Los mapas no son sólo geográficos, con coordenadas y demarcaciones de amplitud, altitud y latitud, sino también y, sobre todo, cápsulas del tiempo. Identificar sus hitos, como la cordillera andina, las montañas y cerros del Parque Nacional Los Cardones, el río que discurre seco en primavera, no es sólo describir la sede de la residencia artística Zona en los Valles Calchaquíes; es también identificar el tiempo profundo que manifiestan. A mi modo de ver, estos cuerpos geológicos singulares, resultado de millones de años de erosión de agua, que han dotado de famosas arcillas a la tradición ceramista, entrelazan el agua ausente del milenario lago seco con los vestigios de los pueblos indígenas precolombinos que se abastecieron de esta materia para vasijas ceremoniales y ollas utilitarias, con las que aún hoy se construyen las casas de adobe del pueblo de San Carlos y alrededores. Esta materia arcillosa, elástica, permeable y de color rojizo ha sido uno de los hilos conductores del programa de residencias Zona. En primera instancia, para provocar un acercamiento al ecosistema y, en segundo lugar, como mediador de saberes compartidos, entre otros, con alfareros locales.

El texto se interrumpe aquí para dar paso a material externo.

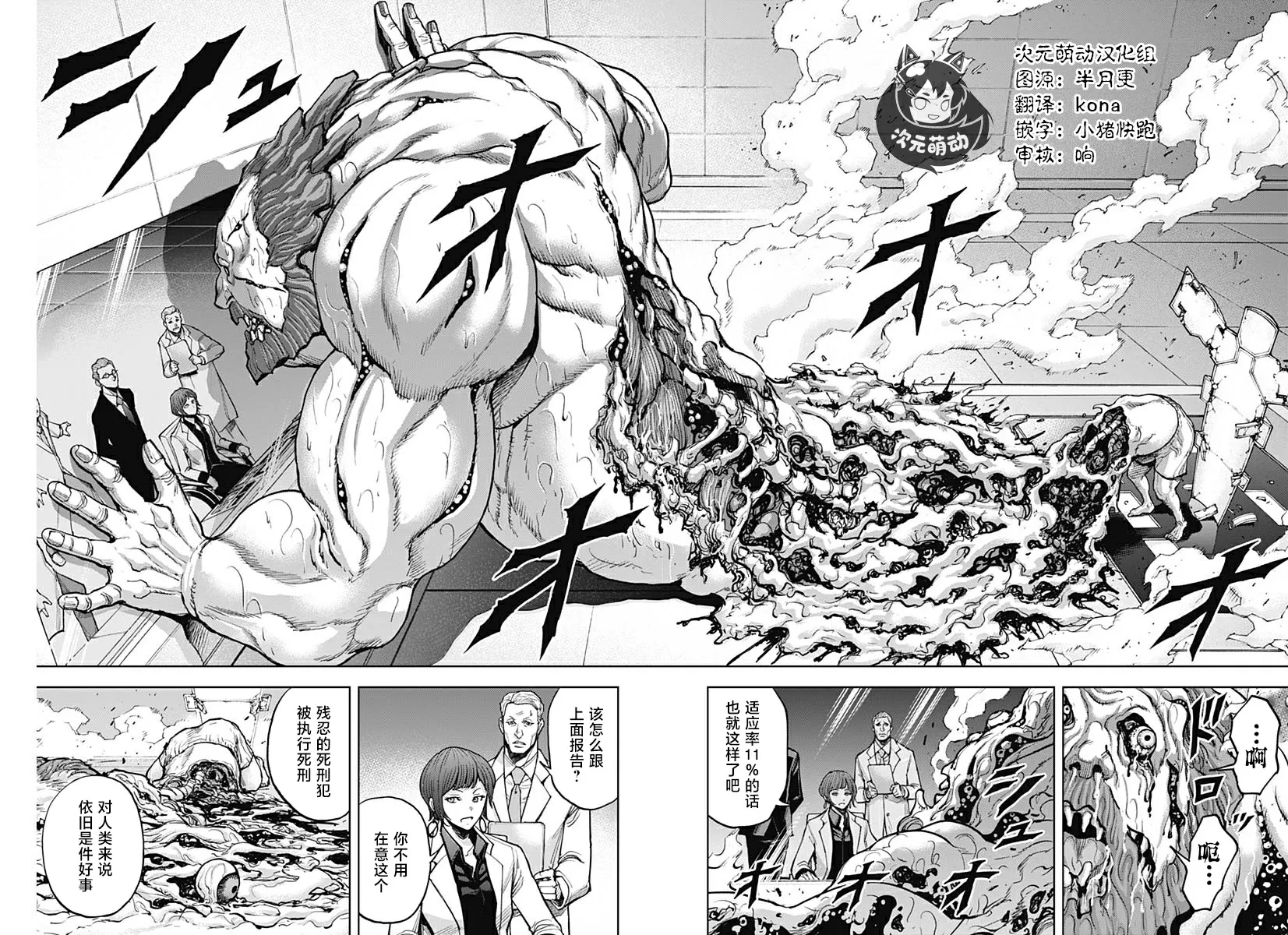 第05话 第14页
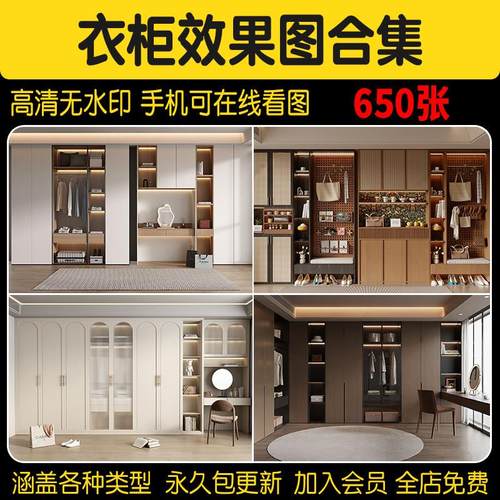 衣柜装修设计效果图片素材室内房间主卧柜子卧室家装全屋定制案例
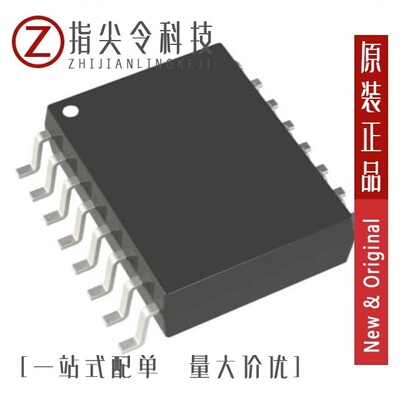 LTC485IN8#PBF/LTC488IN#PBF/LTC485CN8#PBF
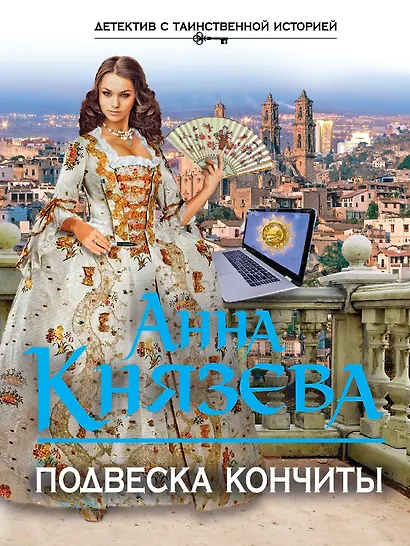 Подвеска Кончиты - фото 1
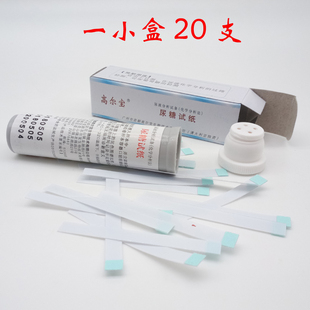 高尔宝尿糖试纸20条/管 尿液分析试条目测尿糖试纸尿液葡萄糖含量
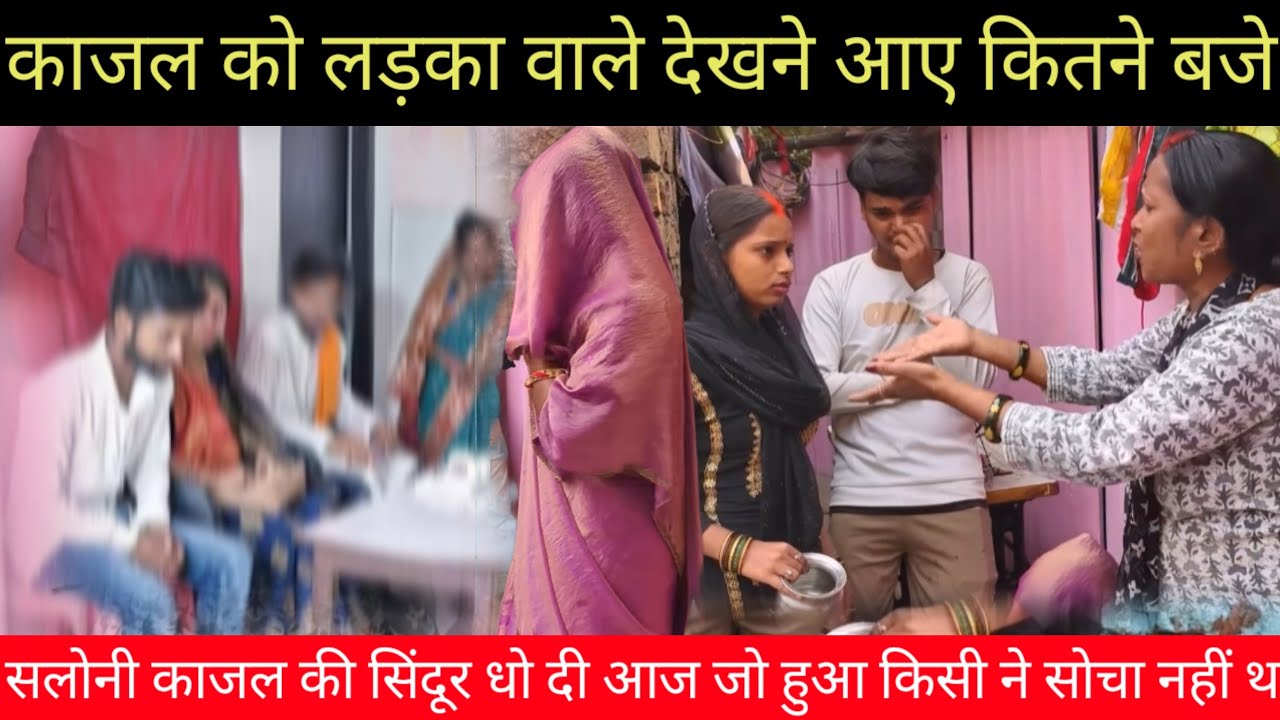 काजल को लड़का वाले देखने आए | सलोनी काजल की सिंदूर धो दी आज जो हुआ किसी ने सोचा नहीं था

El encuentro con el ecosistema, con su materia, sus formas y colores, con sus tiempos vivos y sus historias, ha atravesado la segunda edición del programa de residencias, que nace de la preocupación por darle lugar y aprender acerca de este ecosistema y vincularlo a la práctica contemporánea. En este contexto, el Museo Jallpha Kalchaki de San Carlos (provincia de Salta), aliado de la residencia Zona, ha sido motor del programa. Encontrarse un museo arqueológico vacío, en proceso de transformación y apertura historiográfica, museográfica y didáctica es en sí un hecho llamativo. La pregunta sobre qué significa un museo vivo es central en el nuevo proyecto liderado por Gastón Contreras, director de la institución y vibrante aliado, y Florencia Pochinki, coordinadora general y vínculo entre Zona y el museo. Lo vivo se entiende en primera instancia desde la integración del pasado al presente, revirtiendo el orden de un museo arqueológico al uso, vinculando la práctica cotidiana del pueblo al museo, enraizando los saberes milenarios, datados por arqueólogos, con una economía de la artesanía principalmente alfarera y tejedora que incide en revalorizar las identidades autóctonas. Un museo arqueológico de cerámica que abandona una cronología lineal y concibe una museográfica desde la famosa cerámica del territorio, hito de la región y de la colección, a la que ahora atraviesan saberes bien vivos, a los que se integran los de antaño, aunque sea imposible encontrar vestigios. Aparecen pues los telares y sus tintes, las arcillas y sus engobes, para contar la historia colonial desde los procesos de resistencia. Y en lo vivo aparece ahí para enredarse con las prácticas artísticas contemporáneas.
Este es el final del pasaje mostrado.